:: RECORDS FOR THIS EXERCISE ::

# # # #

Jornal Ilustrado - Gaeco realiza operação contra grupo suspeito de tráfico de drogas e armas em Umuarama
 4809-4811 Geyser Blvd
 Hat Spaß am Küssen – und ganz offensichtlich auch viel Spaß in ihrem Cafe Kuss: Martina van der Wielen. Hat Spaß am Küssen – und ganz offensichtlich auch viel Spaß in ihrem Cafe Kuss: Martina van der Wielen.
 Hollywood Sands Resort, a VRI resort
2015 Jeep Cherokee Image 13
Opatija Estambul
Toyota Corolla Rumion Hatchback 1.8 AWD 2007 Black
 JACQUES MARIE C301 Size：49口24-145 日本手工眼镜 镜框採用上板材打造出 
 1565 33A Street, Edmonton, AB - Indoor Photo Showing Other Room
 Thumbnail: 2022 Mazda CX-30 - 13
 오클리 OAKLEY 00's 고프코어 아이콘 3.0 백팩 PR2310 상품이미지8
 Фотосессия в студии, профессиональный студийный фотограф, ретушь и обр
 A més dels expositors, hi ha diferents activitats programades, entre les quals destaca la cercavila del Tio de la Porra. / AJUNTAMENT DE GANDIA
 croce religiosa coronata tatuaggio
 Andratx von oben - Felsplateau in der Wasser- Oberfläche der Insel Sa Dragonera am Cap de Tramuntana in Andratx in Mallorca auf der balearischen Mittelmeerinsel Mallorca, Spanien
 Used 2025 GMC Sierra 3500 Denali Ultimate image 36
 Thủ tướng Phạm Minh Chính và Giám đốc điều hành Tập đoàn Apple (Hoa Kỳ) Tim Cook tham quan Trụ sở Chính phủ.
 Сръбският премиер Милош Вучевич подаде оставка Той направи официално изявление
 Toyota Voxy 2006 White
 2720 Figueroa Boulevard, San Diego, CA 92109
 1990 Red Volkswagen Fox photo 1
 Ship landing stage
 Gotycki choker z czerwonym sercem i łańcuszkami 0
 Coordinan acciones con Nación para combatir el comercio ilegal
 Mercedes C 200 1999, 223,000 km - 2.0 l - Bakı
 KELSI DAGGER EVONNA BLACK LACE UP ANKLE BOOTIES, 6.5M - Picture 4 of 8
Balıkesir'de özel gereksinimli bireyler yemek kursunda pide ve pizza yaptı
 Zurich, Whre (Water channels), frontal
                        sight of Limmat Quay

# # # #

:: WHAT IS EXPECTED ::
The required answer is each line of the data in which the word "Toyota" appears.

:: SOLUTION ::
Toyota Corolla Rumion Hatchback 1.8 AWD 2007 Black
 Toyota Voxy 2006 White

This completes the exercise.